◆ DATASET SECTION
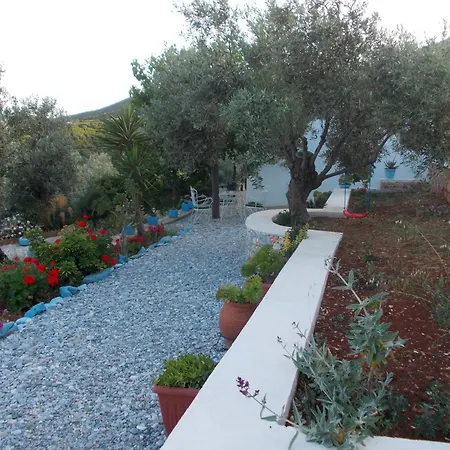 Дом отдыха Mourtero House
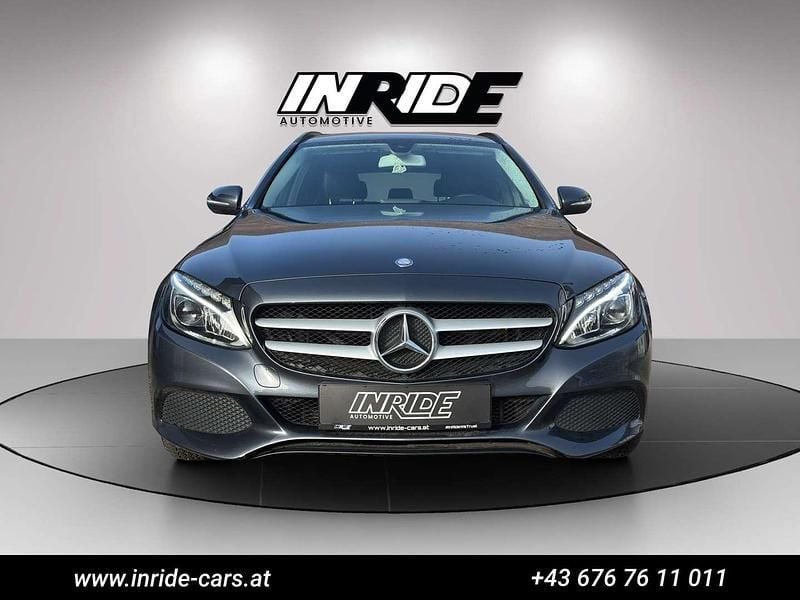 Gebraucht Mercedes C200 136 PS (100 kW) 2015 Grau Kombi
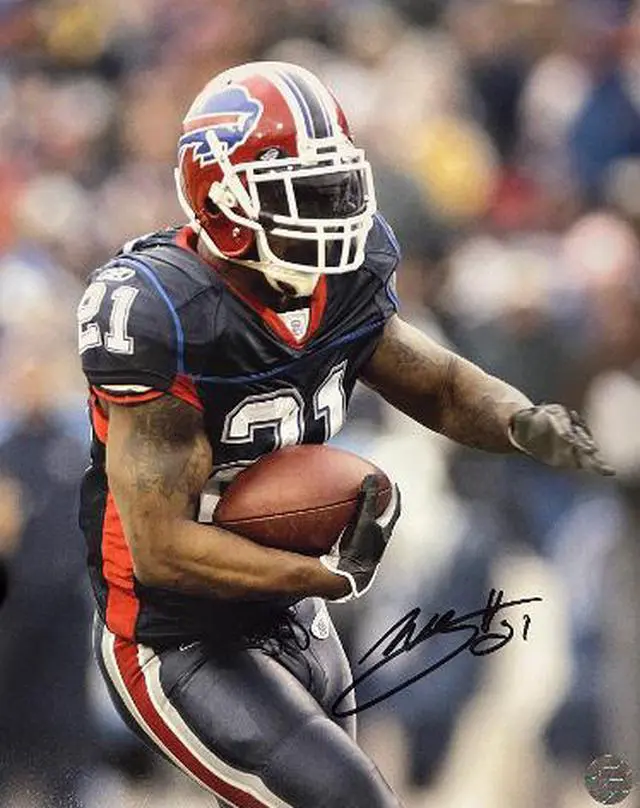 Main image of Willis McGahee signed Buffalo Bills 8X10 Photo #21- AWM Hologram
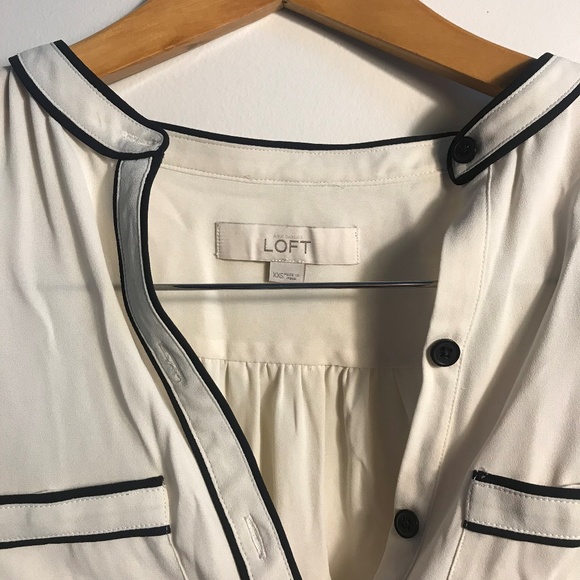 💫LOFT CREAM WITH BLACK PIPING DETAIL BLOUSE 💫 - Picture 2 of 3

◆ INSTRUCTIONS FOR THE TASK
Nothing but the lines from the line with "Main image of" through the end of the listing should appear in the answer, each duplicated exactly, without pictures.

◆ PROBLEM SOLUTION
 Main image of Willis McGahee signed Buffalo Bills 8X10 Photo #21- AWM Hologram
 💫LOFT CREAM WITH BLACK PIPING DETAIL BLOUSE 💫 - Picture 2 of 3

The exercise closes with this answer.